Note that we use the [`spire.math.Rational`](https://typelevel.org/spire/api/spire/math/Rational.html)
class from the [Spire](https://github.com/typelevel/spire) library to ensure that we always compute
the exact probability, without any floating-point errors.

### Why is this useful?

These classes were originally part of [`countstv`](https://github.com/tmccarthy/countstv), which
performs election counts according to the [single transferable vote](https://en.wikipedia.org/wiki/Single_transferable_vote)
(STV) algorithm. In an STV election count, ballots are allocated according to voters' preferences.
As candidates are marked as "elected" or "excluded", ballots are allocated to the next preferences
as expressed by the voters. If there is ever a tie, a coin toss is used to determine who is elected
or excluded first.

In cases where a coin toss decides the order in which candidates are elected or excluded, the rest
of the election count looks entirely different in either case.

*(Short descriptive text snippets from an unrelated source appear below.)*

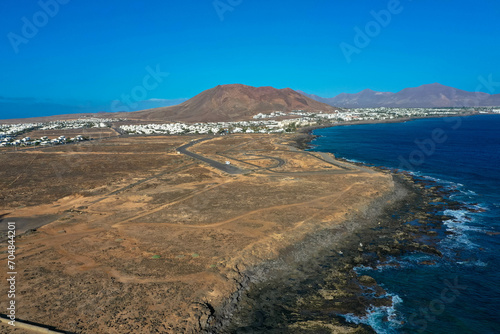Playa Blanca coastline. Aerial drone panoramic view with Red volcano in the Background. Tourism and vacation concept. Flamingo beach Lanzarote, Canary Islands, Spain.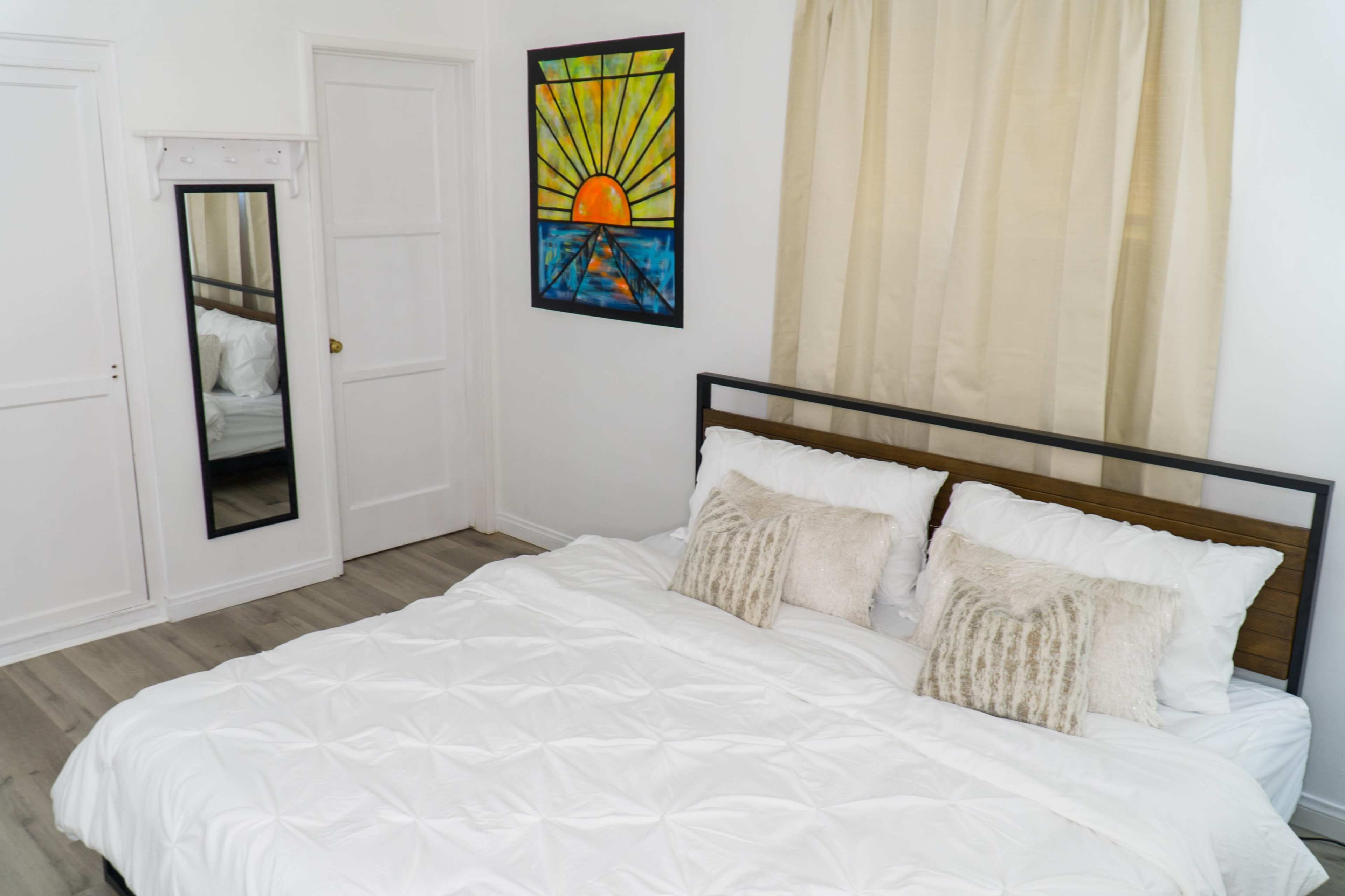 A neatly arranged bedroom features a bed with white bedding, a large window with cream curtains, a colorful sun painting on the wall, and a mirrored closet door.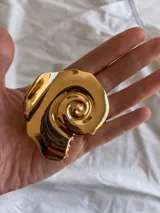 Pinza para el pelo con forma de caracola en espiral, de color dorado con acabado brillante y fabricada en aleación de metal.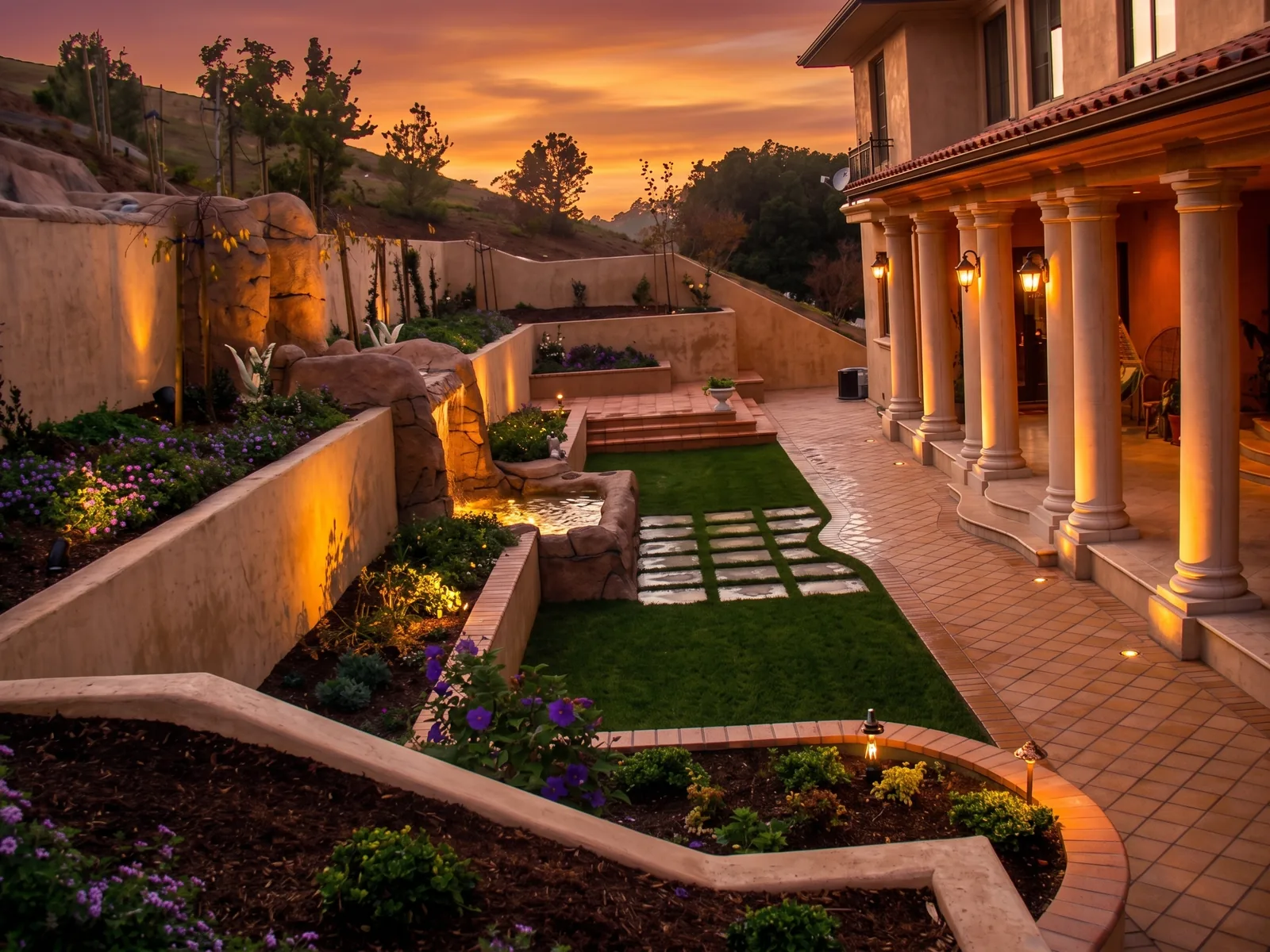 Completed terraced garden, water feature, paths, and colonnade beside the home.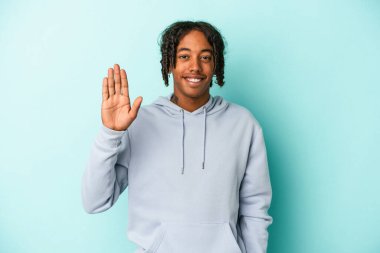 Genç Afro-Amerikalı adam mavi arka planda izole edilmiş. Gülümsüyor. Beş numarayı parmaklarıyla gösteriyor..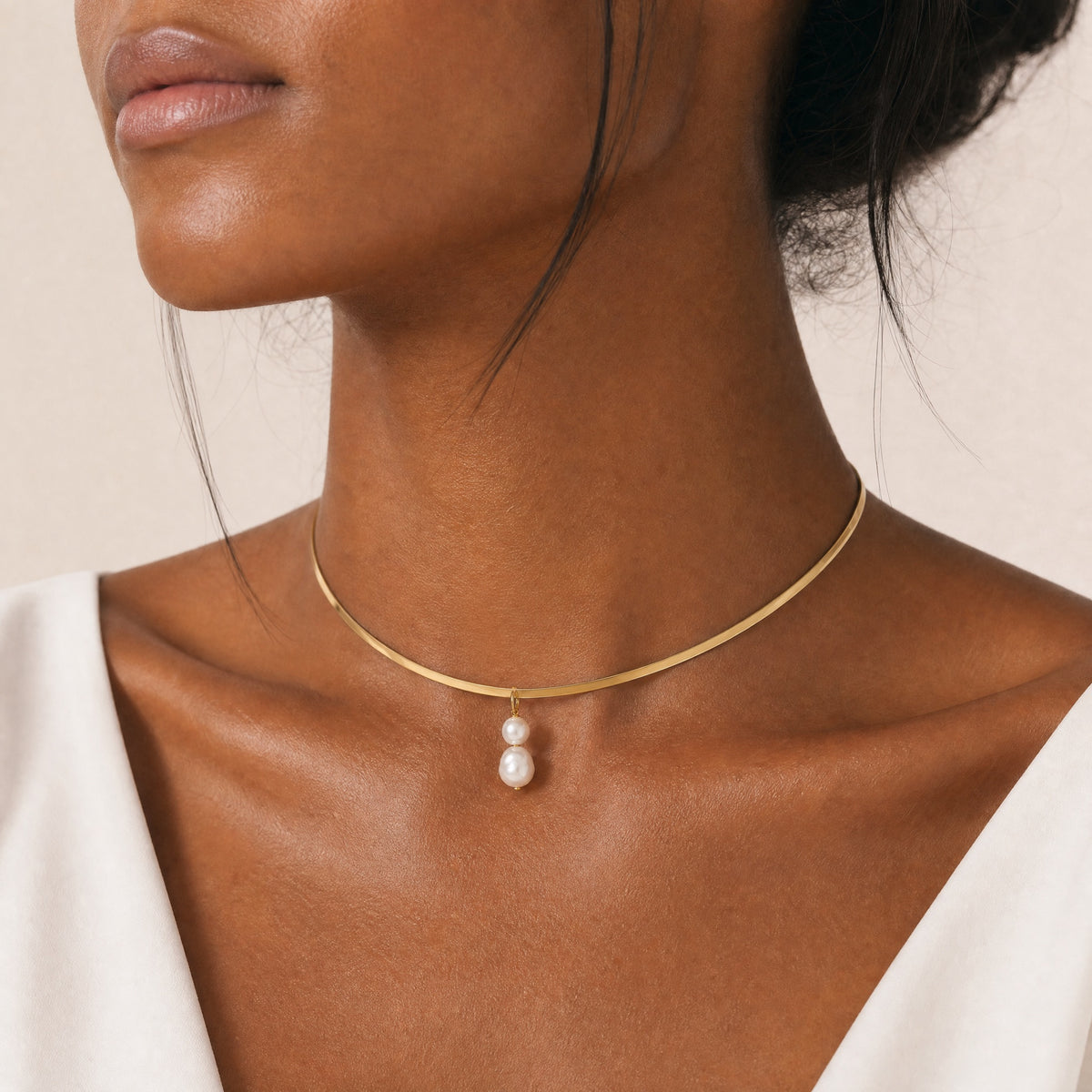 Gold necklace with a freshwater pearl pendant on a model against a neutral background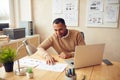 Smiling Businessman Working Office. Positive Guy Examining Documents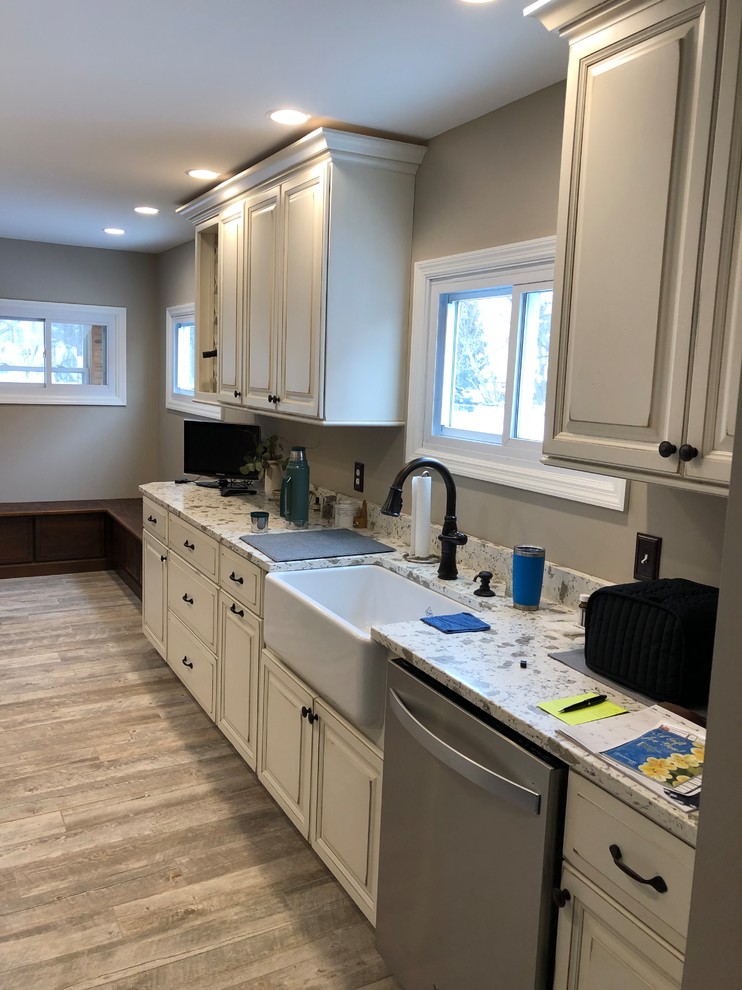This is an example of a small traditional galley separate kitchen in Burlington with a farmhouse sink, raised-panel cabinets, distressed cabinets, stainless steel appliances, no island, grey floor and white benchtop.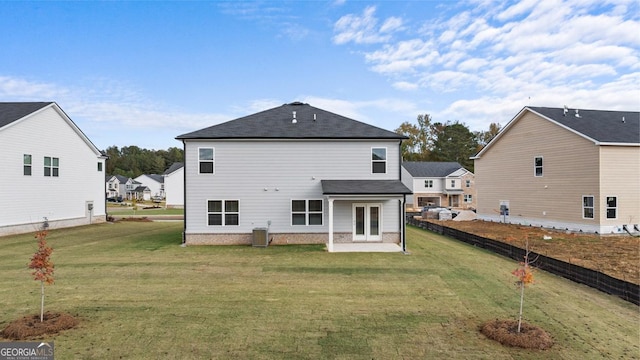 rear view of property featuring a patio area, central AC, a yard, and french doors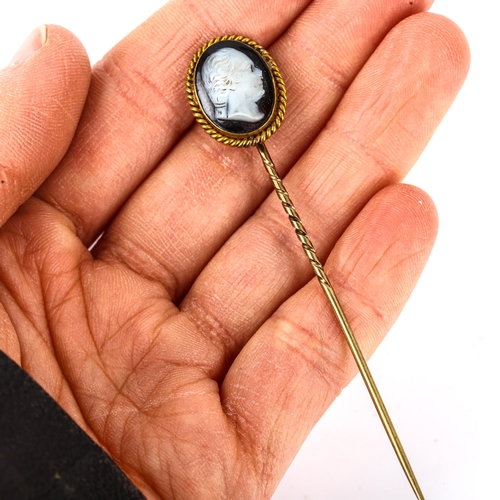 110 - An Antique hardstone cameo stickpin, unmarked gold settings, with relief carved male head profile, s... 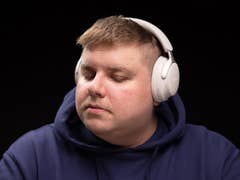 A person wearing Bose QC Ultra headphones, eyes closed, appears focused and relaxed against a black background.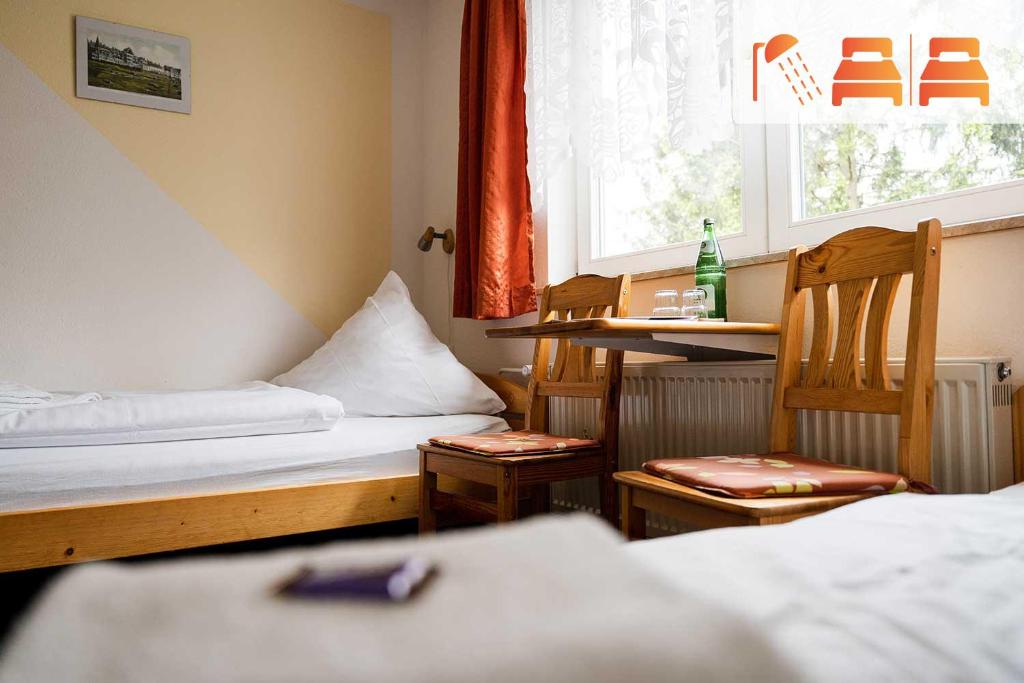 Postel nebo postele na pokoji v ubytování Pension Zum Hexenstieg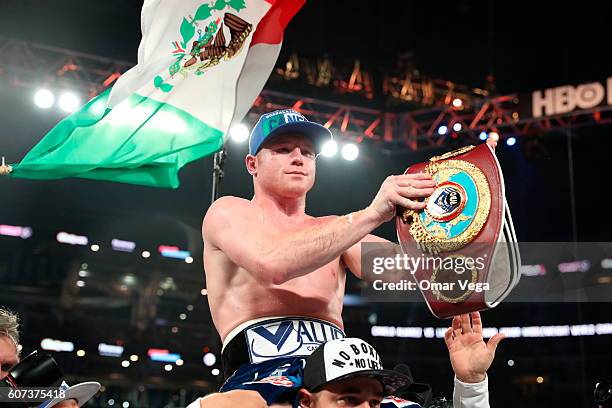 Canelo Alvarez celebrates after knocking out Liam Smith, lower, during the WBO Junior Middleweight World fight at AT&T Stadium on September 17, 2016...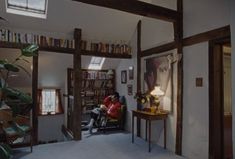 two people sitting on a couch in a room with bookshelves and a table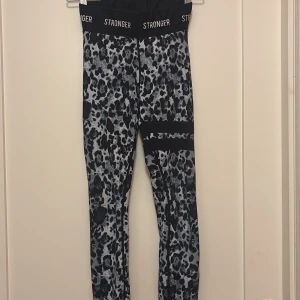 STRONGER Leopardmönstrade - Snygga svarta och grå leopardmönstrade leggings från Stronger med hög midja och elastisk logotypresår.  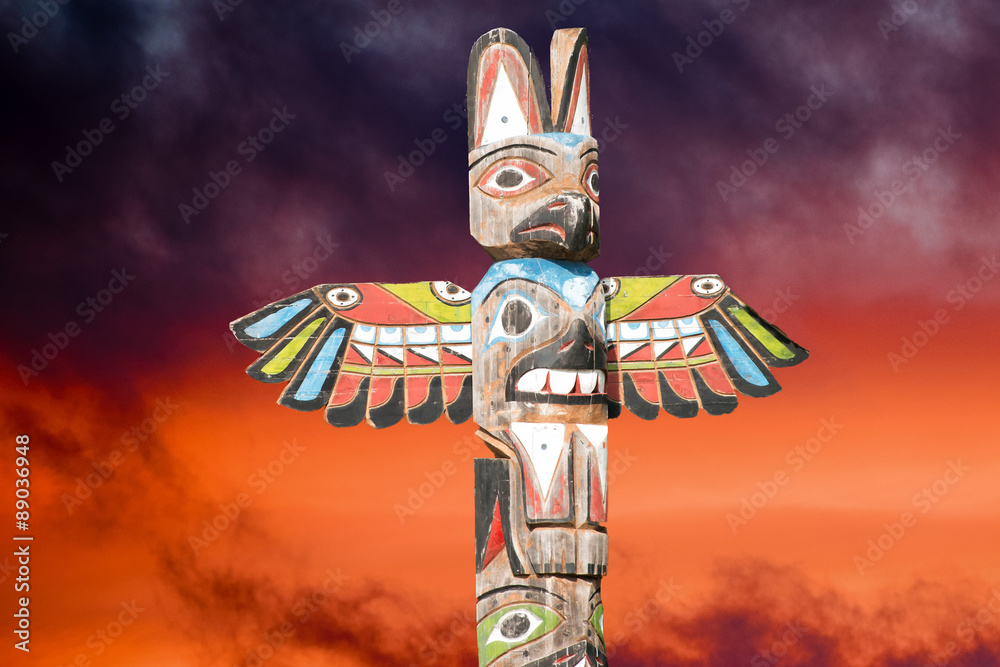 Totem wood pole in the gold cloudy background Stock Photo | Adobe Stock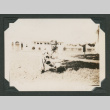 Man crouching (ddr-densho-545-43)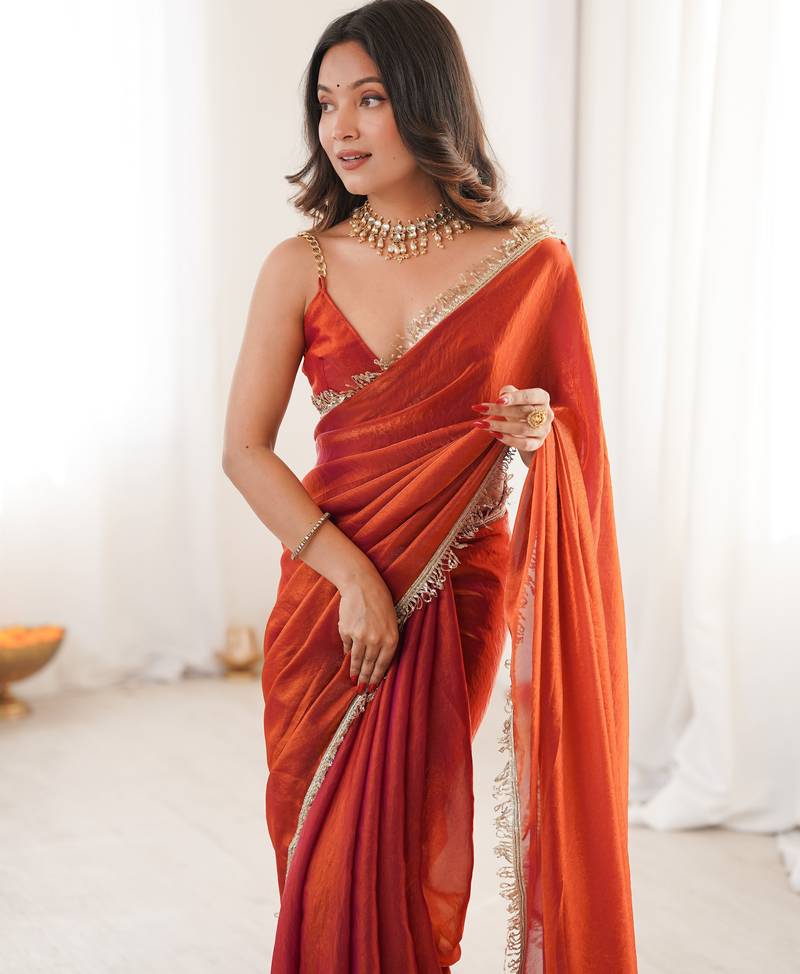 Orange tissue satin sequins saree with unstitched blouse piece.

However, the vast majority of the
time this makes no difference to who is finally elected. `ProbabilityMeasure` makes it easy to
run the election count for both of the coin toss outcomes, keeping track of the differences while
also easily identifying that the result is the same.

### Cats and Circe instances

`ProbabilityMeasure` is a monad, and the `probability-measure-cats` dependency provides the
appropriate Cats typeclasses.

The `probability-measure-circe` project provides encoders and decoders for Circe.